The past year was a tumultuous one for the 1.4 million member union. It joined six other unions to break away from the AFL-CIO last summer in a bitter dispute over the future of the labor movement in America, the biggest rift in organized labor in nearly 70 years.

And while the union lost members in 2005 because of corporate downsizing and outsourcing of work to foreign countries, successful organizing campaigns this year resulted in a net gain of several thousand new members, Hoffa said.

This is in addition to the 150,000 members added by the mergers in 2003 and 2004 with the International Brotherhood of Locomotive Engineers, Brotherhood of Maintenance of Way Employees, and Graphic Communications International Union.

"It has been a tremendous year for us," Hoffa said. "We were very, very successful (in organizing) in a year when most people were not organizing."

Even so, disgruntled Teamsters appear set to mount serious challenges to Hoffa's leadership.

Tyson Johnson, a Texas Teamster who has been an international vice president since 2000 and national freight director since 2003, announced last week in private meetings with union officials and in a curt letter to Hoffa that he is running for president.

"I am declaring my candidacy for the General Presidency of this great union and many members of the General Executive Board and other Teamster leaders throughout the United States are joining me to form a slate in the 2006 election to return this union to the Teamster members," Johnson told Hoffa in his brief letter.

The challenge to Hoffa's leadership from a member of his own executive board appears to shatter his oft-repeated insistence that the union is united.

Richard Leebove, a Hoffa spokesman, said the Teamsters president would not personally respond to the latest challenge to his leadership.

"Jim Hoffa is confident that the membership is supportive of his policies and the direction in which he has taken the union," Leebove said.

"Teamsters have seen financial stability. They have seen organizing growth. They feel that in these tough times, union members will go with the proven leadership of Jim Hoffa.

Earlier, Leedham announced he would again challenge Hoffa. He ran against Hoffa in the 1998 re-run election, necessitated by the ouster of former Teamsters President Ron Carey, and again in 2001, losing both times. Leedham is supported by Teamsters for a Democratic Union, a dissident group based in Michigan, which has long opposed Hoffa.

"Hoffa has not kept a single promise he made to working Teamsters," Leedham said.

"They are fed up. They want an honest union that is not about flashy public relations and rhetoric."

Hoffa cooly dismissed Leedham's candidacy in the interview.

"He's a two-time loser and he's going to be a three-time loser when I'm done with him," he said.

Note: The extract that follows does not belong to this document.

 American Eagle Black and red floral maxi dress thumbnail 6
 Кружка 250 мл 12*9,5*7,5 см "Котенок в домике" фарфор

"I don't think it's a serious challenge. I think we stand on our record. We've done a tremendous job here.

"We are very proud of what we have done. And our record speaks for itself and I think we will be very successful in the election."

Hoffa points to successful organizing campaigns this year at America West and the Nashville Police Department.

The union has organizing efforts under way at DHL, a delivery service; Quebecor Inc., a large Canadian-based printing company; Air Tran Airways; and Auto Truck Transport Corp.

And the union is working with the Service Employees International Union in organizing the nation's 200,000 school bus drivers.

Future targets include Overnite trucking, recently acquired by UPS, and FedEx.

At the same time, the Teamsters are working with other unions to organize Wal-Mart, the giant discount store chain that Hoffa called "the poster boy for all of organized labor."

The withdrawal of the Teamsters and six other unions from the AFL-CIO last summer was the harshest blow to organized labor since the CIO separated from the AFL in 1938. The two alliances did not reunite until 1955.